Search code examples
hadoopmapreducehadoop-yarnapache-tezplanning

Suggestions required in increasing utilization of yarn containers on our discovery cluster


Current Setup

  • we have our 10 node discovery cluster.
  • Each node of this cluster has 24 cores and 264 GB ram Keeping some memory and CPU aside for background processes, we are planning to use 240 GB memory.
  • now, when it comes to container set up, as each container may need 1 core, so max we can have 24 containers, each with 10GB memory.
  • Usually clusters have containers with 1-2 GB memory but we are restricted with the available cores we have with us or maybe I am missing something

Problem statement

  • as our cluster is extensively used by data scientists and analysts, having just 24 containers does not suffice. This leads to heavy resource contention.

  • Is there any way we can increase number of containers?
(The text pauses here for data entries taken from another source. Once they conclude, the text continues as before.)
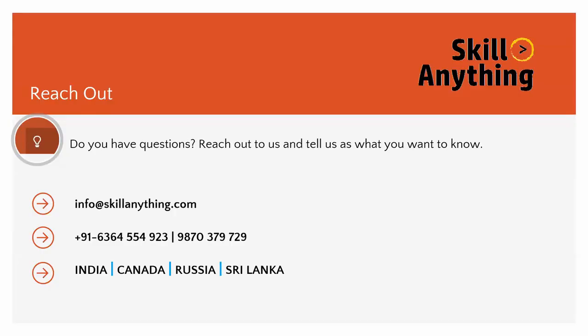you can simply contact us at info@skillanything.com or visit skillanything.com. Thank you so much for watching the video.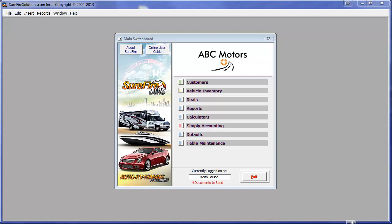This video demonstration shows how easy it is to upload all your data directly into Sage 50, previously Sage Simply Accounting, using our dealer management system or Surefire DMS.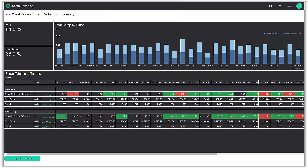Let's take a look at a Flow dashboard. What we're looking at is our Midwest zone — a scrap report for two different factories, Bentonville and Kansas City. At the top left corner, my current month-to-date scrap reduction efficiency — that is, how much scrap have I produced compared to my daily targets — is sitting at 84.5%. Across my bar chart, I have total scrap produced each day for light blue Bentonville and dark blue Kansas City facilities. The table below shows for both Bentonville and Kansas City my scrap reduction efficiency calculated each day, my total scrap, and the target used to calculate my reduction efficiency.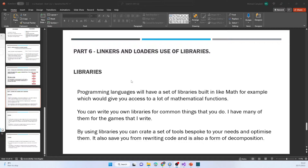What is a library? A programming language will have a set of libraries built in — like math or random — which give you access to mathematical functions and random number generation. But you can also write your own libraries for common tasks. I have many for my games and use libraries all the time. By using libraries you create a bespoke set of tools for your needs, you can optimize them really well, it saves you from rewriting code, and it's also a form of decomposition because you're breaking down tasks.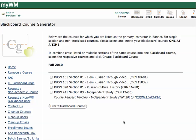And that's it. It will tell me my course request is pending, and it will then create that course in Blackboard. The script runs at various times during the day, so you'll want to check back probably in the next hour and see if the course has been created. And that's all there is to creating a course using the Blackboard Course Generator.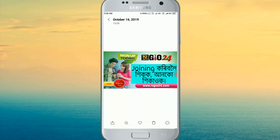Welcome to RS Group GEO24. We are going to sign up and register for free. We are going to look at a simple step and join RS GEO Group.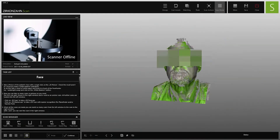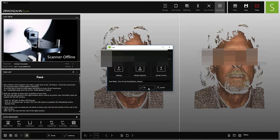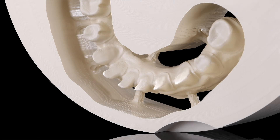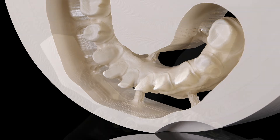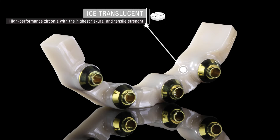The digitization of the patient situation was then used as the basis for modeling the final restoration — a frictional hybrid restoration with a zirconia bar and crowns and a resin framework made of Techno Med Mineral Dentine. Based on the virtual setup, an ICE translucent zirconia bar with anodized titanium bases was manufactured.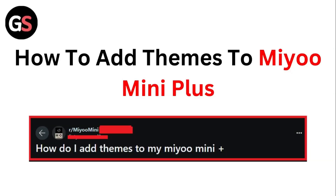Hello guys, welcome to another video in which we'll be discussing how to add themes to Miyoo Mini players. Are you having trouble adding themes to your Miyoo Mini players? Don't worry, in this video we'll help you find a solution for it.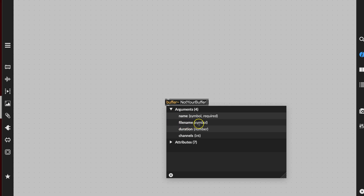The next thing is a file name. If we put a file name here, this buffer would automatically go to that file if it's in Max's search path and load that audio file into the buffer. But that's not what we're using a buffer for today, so we're going to skip that and go directly to duration. The duration is the number of milliseconds that this sampled piece of audio is going to last — it's telling you how big your little piece of property is that you're fencing in. Let's start with 2,000 milliseconds, and then hit the spacebar again for number of channels — we like stereo, so we'll put 2. Our buffer is complete.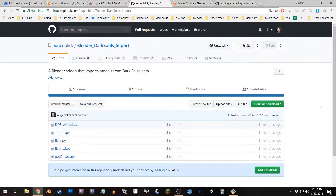I mentioned to someone the other day that I would like to try to get the Dark Souls Blender plugin that I've been working on out there for anybody to use who may be interested. It's pretty much in the same state it was in on my last update video, which is to say there are still a ton of holes, the code is really messy, and there's just a lot going on.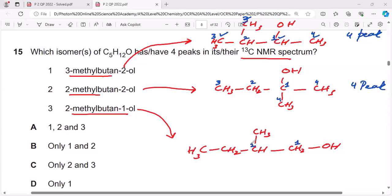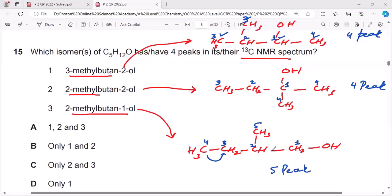For the third option, this carbon gives one peak, this carbon with a different environment gives another peak, this CH2 carbon gives a different peak, and this carbon linked to CH2 and this carbon linked to CH have different environments — giving a total of five peaks. Since the question asks which isomer has four peaks, the answer is B.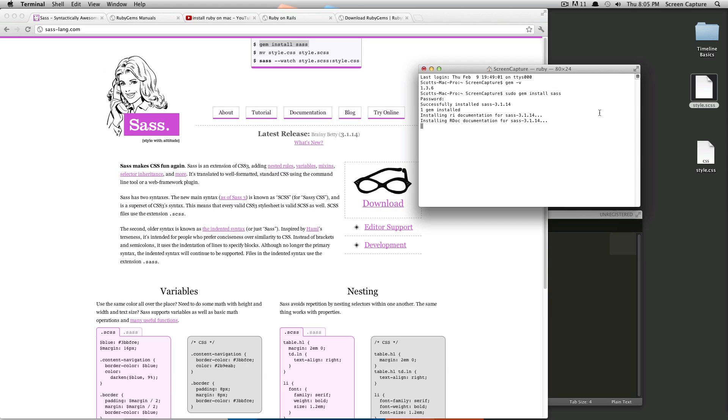However, it shouldn't take that long. And as long as you don't see an error, it should be fine. All right. So this is done. We want to make sure that SAS is installed. So we'll do SAS dash v. It's going to say you have SAS 3.1.14 Brainy Betty, which is the latest release.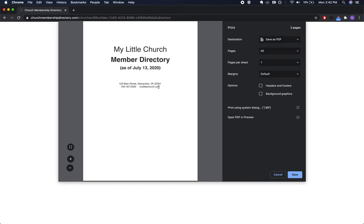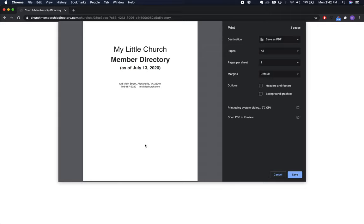There are some modifications you can make, such as putting a logo instead of the church name or adding text at the bottom. That's in the directory settings, which I'll show you after you import your member data. If you haven't done that yet, jump over to the video where I show you how.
Options we are considering

  • If we ask the team to run many tez queries (not separately) but in a file, then at max we will keep one container.

Requests

  1. Is there any other way possible to manage our discovery cluster.
  2. Is there any possibility of reducing container size.
  3. can a vcore (as it's a logical concept) be shared by multiple containers?

Solution

  • Vcores are just a logical unit and not in anyway related to a CPU core unless you are using YARN with CGroups and have yarn.nodemanager.resource.percentage-physical-cpu-limit enabled. Most tasks are rarely CPU-bound but more typically network I/O bound. So if you were to look at your cluster's overall CPU utilization and memory utilization, you should be able to resize your containers based on the wasted (spare) capacity.

    You can measure utilization with a host of tools but sar, ganglia and grafana are the obvious ones but you can also look at Brendan Gregg's Linux Performance tools for more ideas.